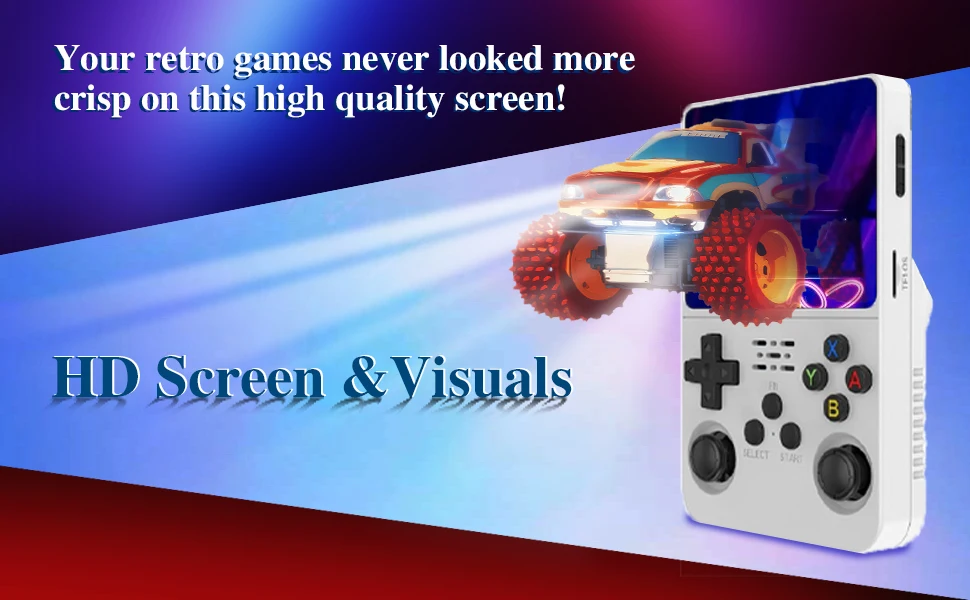R36S Classic Retro Game Console with ARKOS System Video Games Single Card Portable Hand-held Gaming Console Kids Gift 3.5 Inch R36S Classic Retro Game Console with ARKOS System Video Games Single Card Portable Hand-held Gaming Console Kids Gift 3.5 Inch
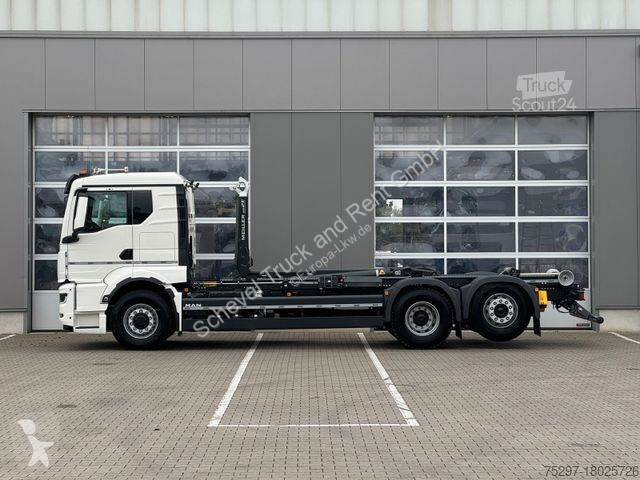 Kamion MAN TGS 26.520 6x4H-2 BL MEILLER RS...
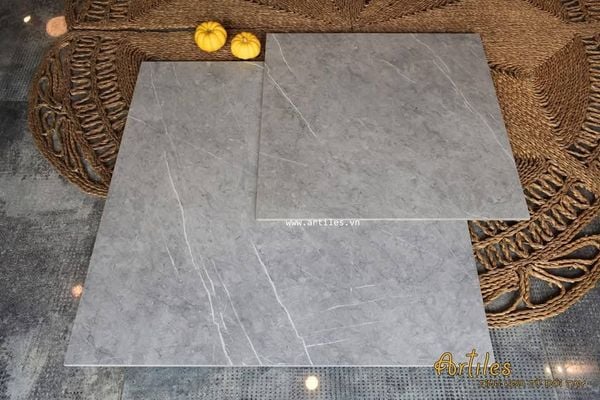 Gạch lát nền 80x80 cm xám tia chớp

•••

◆ PROBLEM TO WORK ON ◆
Give back exactly the lines from the one containing "Kamion MAN TGS" through the last line above, both included, and none of the pictures.

◆ OUTPUT OF THE EXERCISE ◆
 Kamion MAN TGS 26.520 6x4H-2 BL MEILLER RS...
 Gạch lát nền 80x80 cm xám tia chớp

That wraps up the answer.